THE RECORDS:
*** Block opens ***
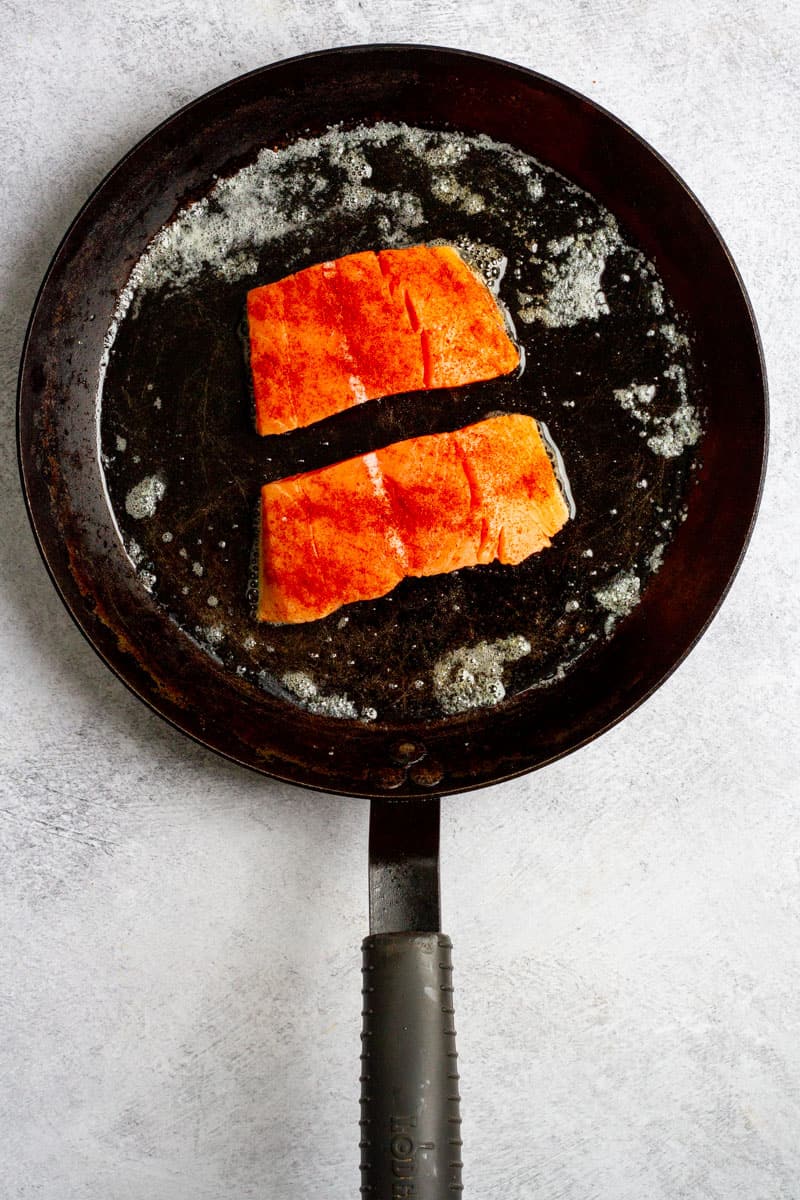 Salmon cooking Skin-Side Down in Pan.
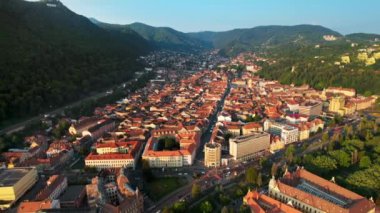 Romanya 'nın Brasov kentindeki hava aracı görüntüsü. Eski binalarla dolu eski şehir merkezi, yeşilliklerle kaplı tepeler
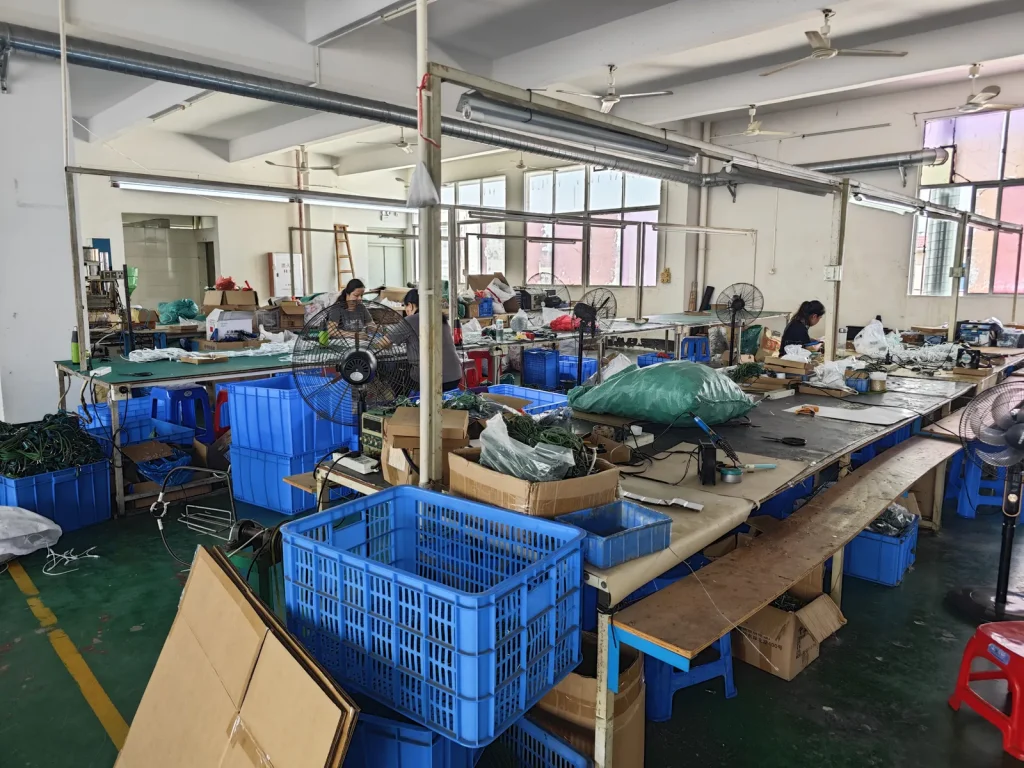 LUYUAN LIGHTING light string assembly workshop with production worktables and workers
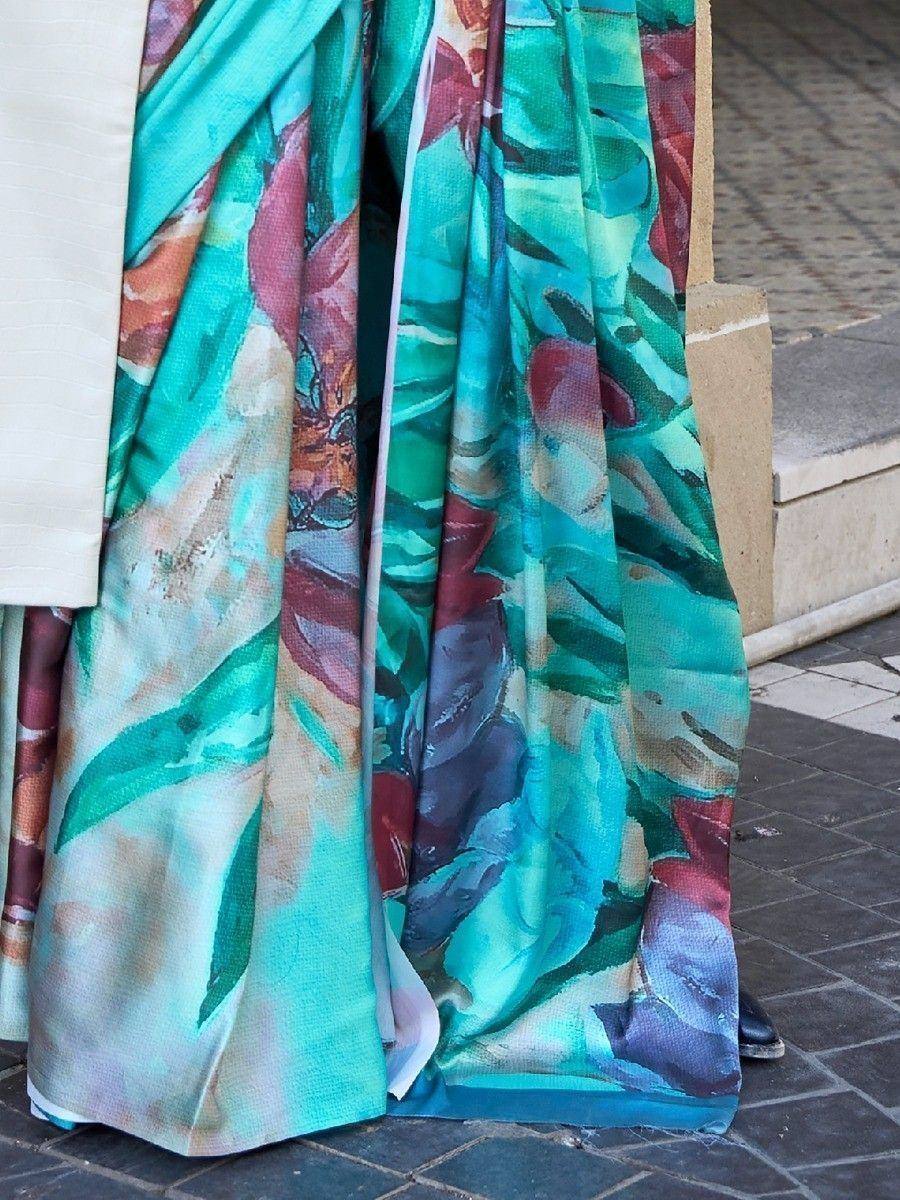 Vibrant floral print saree in teal and burgundy, perfect for ethnic wear occasions.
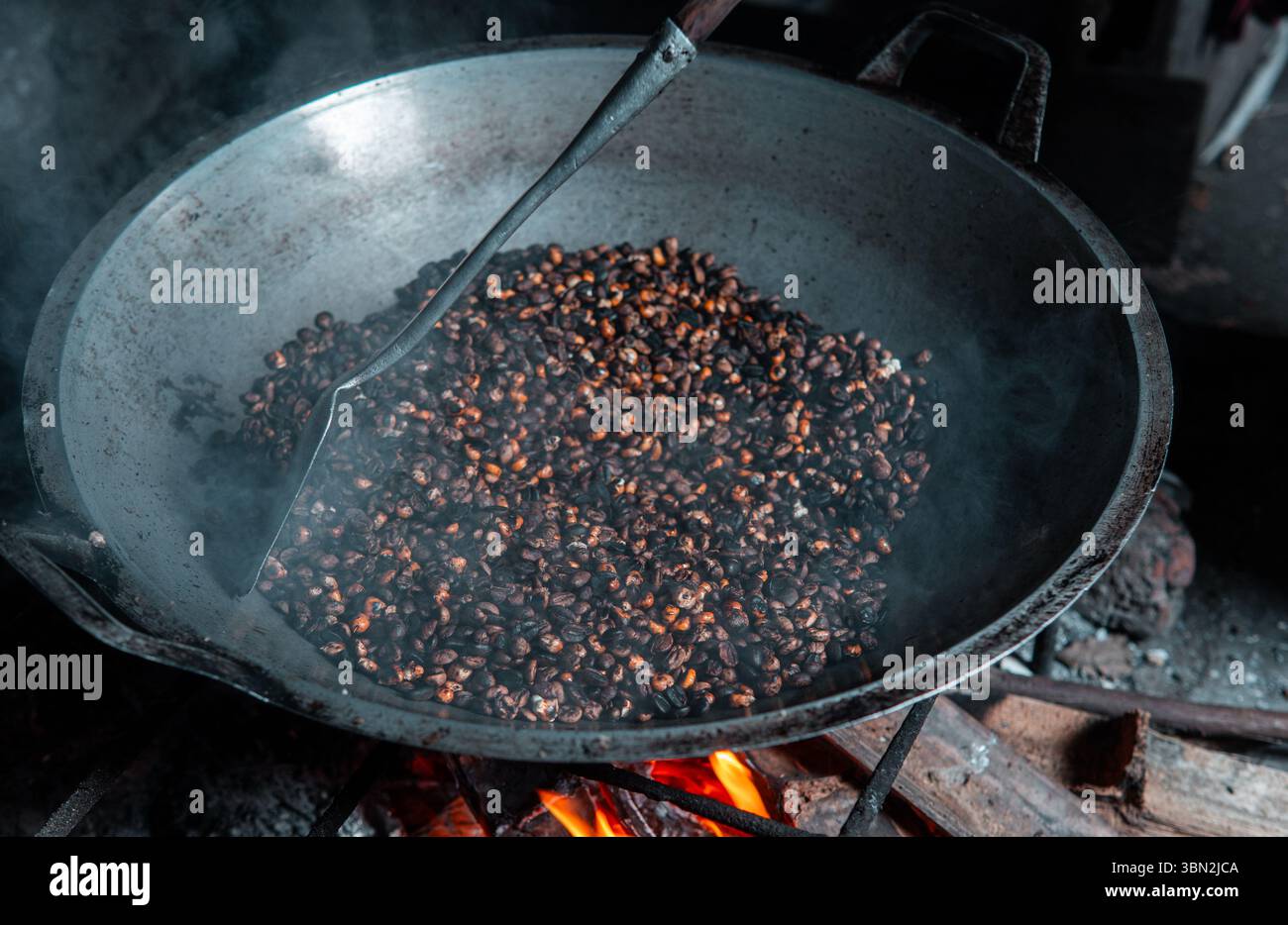 Traditionelles Rösten von Kaffeebohnen gemischt mit Mais über einem Brennholzofen. Eine lokale Technik, um einen einzigartigen Geschmack zu kreieren, in einem rustikalen Dorf festgehalten. Stockfoto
*** Block closes ***
WHAT TO PRODUCE: The entries above are to be retyped exactly, with each picture left out.

RESULT FOR THIS EXERCISE:
 Salmon cooking Skin-Side Down in Pan.
 Romanya 'nın Brasov kentindeki hava aracı görüntüsü. Eski binalarla dolu eski şehir merkezi, yeşilliklerle kaplı tepeler
 LUYUAN LIGHTING light string assembly workshop with production worktables and workers
 Vibrant floral print saree in teal and burgundy, perfect for ethnic wear occasions.
 Traditionelles Rösten von Kaffeebohnen gemischt mit Mais über einem Brennholzofen. Eine lokale Technik, um einen einzigartigen Geschmack zu kreieren, in einem rustikalen Dorf festgehalten. Stockfoto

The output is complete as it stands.